**DATA SEGMENT:**
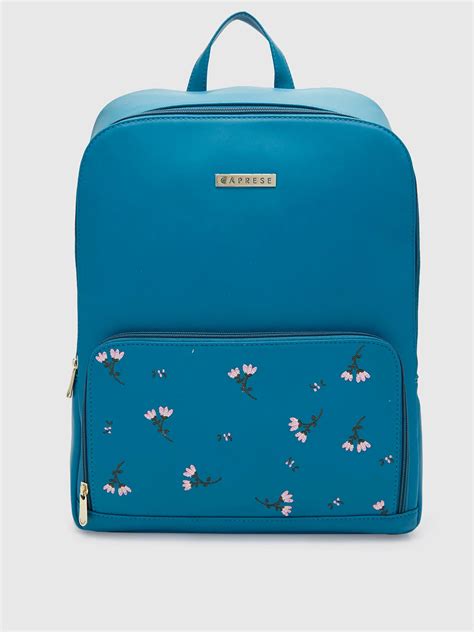Buy Caprese Adah Large Teal Backpack @ Rs.989 | Caprese Bags
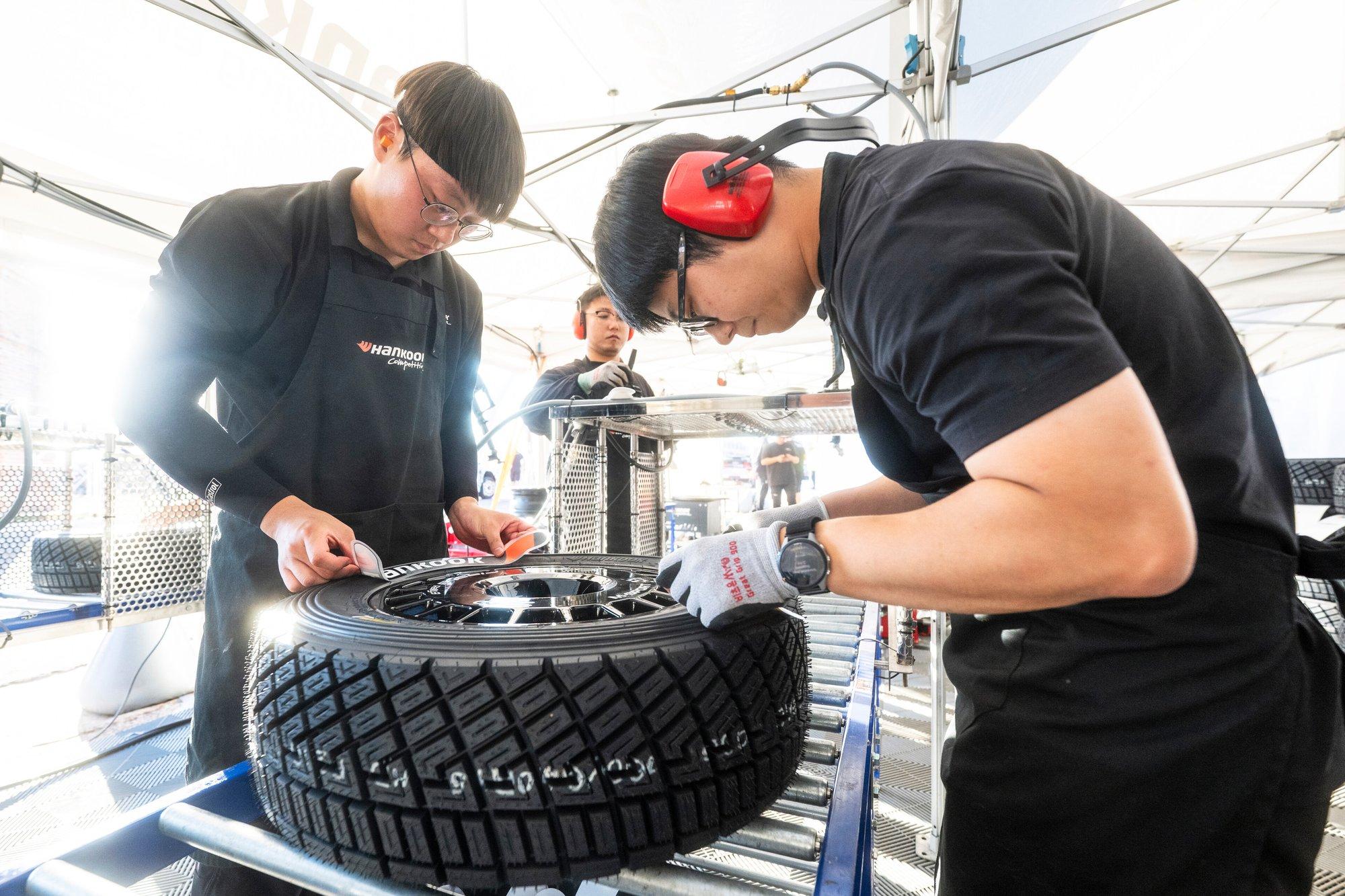 Hankook mängis päev enne Tšiili ralli algust rehvide jaotuse ümber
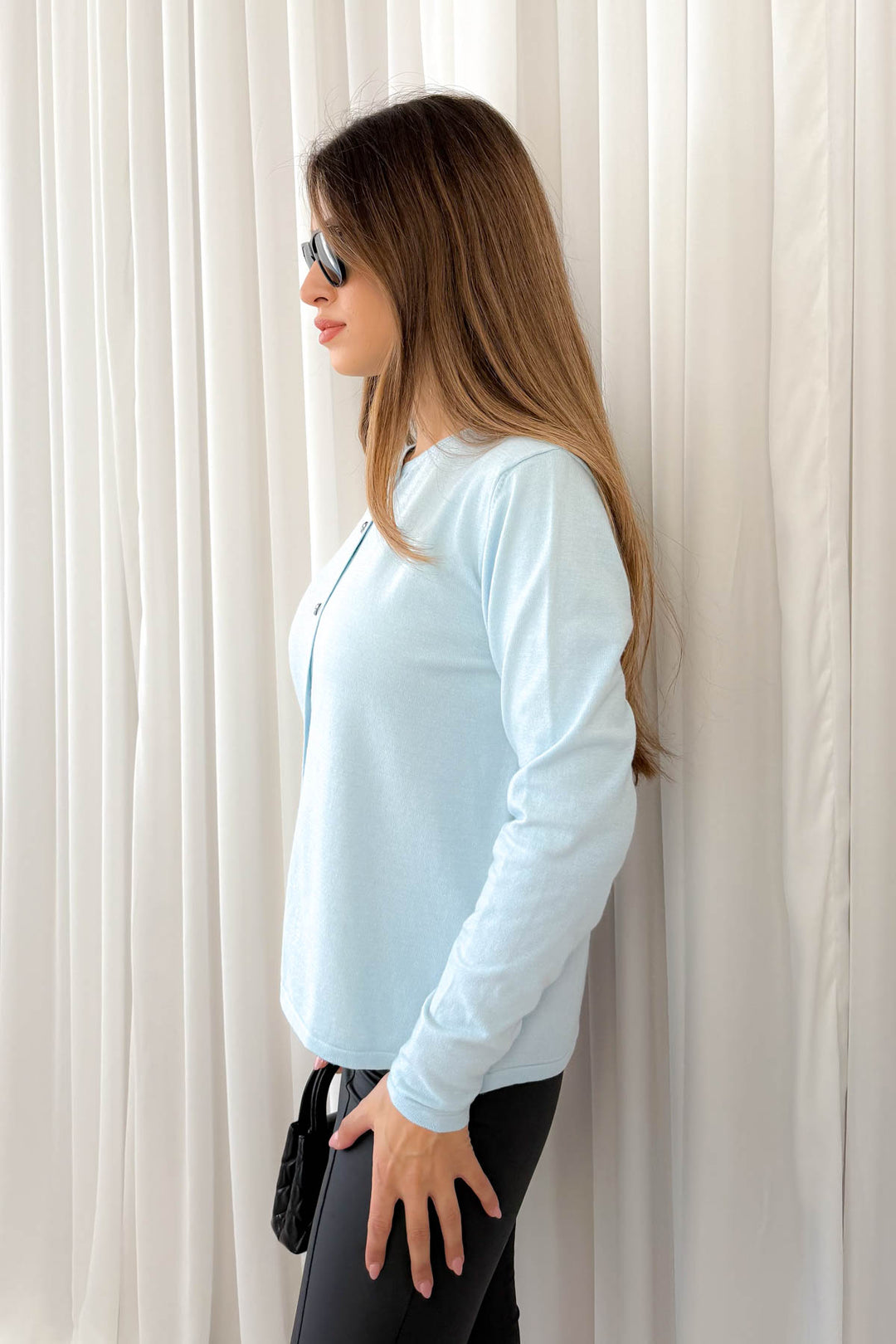 MPL Women's Buttoned Loose Cardigan 5705 - Abertawe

**WHAT IS REQUIRED:**
If the listing above includes images, copy every line of it exactly except those images.

**REPLY TO THE TASK:**
Buy Caprese Adah Large Teal Backpack @ Rs.989 | Caprese Bags
 Hankook mängis päev enne Tšiili ralli algust rehvide jaotuse ümber
 MPL Women's Buttoned Loose Cardigan 5705 - Abertawe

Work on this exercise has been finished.